Figure 1 is a statistical bar graph illustrating the cumulative amount of drug penetration 6 hours after administration of the emulsions of Examples 1 to 16. Figure 2 is a statistical bar graph illustrating the amount of intradermal drug deposition 6 hours after administration of the emulsions of Examples 1 to 16. Figure 3 is a statistical bar graph showing the cumulative amount of drug penetration 6 hours after the administration of the emulsions of Examples 17 to 30. Figure 4 is a statistical bar graph showing the amount of intradermal drug deposition 6 hours after the administration of the emulsions of Examples 17 to 30. Figure 5 is a line graph showing the cumulative amount of drug penetration at different times after administration of the commercially available emulsion Metvix® cream. Figure 6 is a line graph showing the cumulative amount of drug penetration at different times after administration of the emulsion of Example 31. Figure 7 is a statistical bar graph showing the amount of intradermal drug deposition of the emulsion of Example 31 and the commercial emulsion Metvix® cream 6 hours after administration. Figure 8 is a statistical bar graph illustrating the cumulative drug penetration for the 6 hours after administration of the emulsion of Example 32 and the commercial emulsion Metvix® cream. Figure 9 is a statistical bar graph showing the amount of intradermal deposition of the drug of Example 32 and the commercial emulsion Metvix® cream 6 hours after administration. Figure 10 is a statistical bar graph showing the cumulative amount of drug penetration 6 hours after the administration of the emulsions of Examples 33 to 47. Figure 11 is a statistical bar graph showing the amount of intradermal drug deposition 6 hours after administration of the emulsions of Examples 33 to 47.

Claims (7)

A pharmaceutical composition comprising: a pharmaceutical carrier comprising: an aqueous phase component comprising water in an amount of 63% by weight; and an oil phase component comprising propylene glycol monocaprylate , Caproyl 90), which is 5% by weight; a surfactant, selected from the group consisting of sodium lauryl sulfate (SLS), benzalkonium chloride (BC), or a combination thereof The group, which is 2% by weight; and a co-surfactant, contains a C2 to C8 alcohol in a weight percentage of 30%; and a photosensitizer or a precursor thereof.

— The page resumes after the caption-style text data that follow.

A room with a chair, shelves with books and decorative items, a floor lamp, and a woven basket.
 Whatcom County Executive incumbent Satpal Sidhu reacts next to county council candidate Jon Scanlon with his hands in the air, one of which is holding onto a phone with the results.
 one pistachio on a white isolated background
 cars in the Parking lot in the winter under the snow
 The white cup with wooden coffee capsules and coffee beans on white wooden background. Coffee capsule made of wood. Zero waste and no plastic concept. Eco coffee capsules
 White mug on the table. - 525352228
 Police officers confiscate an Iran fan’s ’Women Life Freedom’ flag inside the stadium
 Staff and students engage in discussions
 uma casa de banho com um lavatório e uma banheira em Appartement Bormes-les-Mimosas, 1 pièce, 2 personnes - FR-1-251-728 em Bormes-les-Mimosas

The pharmaceutical composition according to claim 1, wherein the auxiliary surfactant is ethanol, propylene glycol, 1,5-pentanediol, or carbitol. . The pharmaceutical composition according to claim 1, wherein the photosensitizer or the prodrug thereof is porfimer sodium, verteporfin, 5-aminoacetic acid (5- Aminolevulinic acid (ALA), protoporphyrin IX (PPIX), methyl aminolevulinate (MAL), (temoporfin), talaporfin (talaporfin), dexoxalin ( Texaphyrin), sulfonated aluminium phthalocyanine, or rostaporfin. The pharmaceutical composition according to claim 1, wherein the photosensitizer or its prodrug is present in an amount of from 0.1 to 20 parts by weight based on 100 parts by weight of the pharmaceutical carrier. The pharmaceutical composition according to claim 1, further comprising: a thickener. The pharmaceutical composition according to claim 5, wherein the thickener is chitosan, hydroxypropyl methylcellulose (HPMC), carbomer 940 (Carbopol 940), or poly Polyvinylpyrrolidone (PVP). The pharmaceutical composition according to claim 5, wherein the thickener accounts for 0.5 to 25 parts by weight of the pharmaceutical carrier in an amount of 100 parts by weight.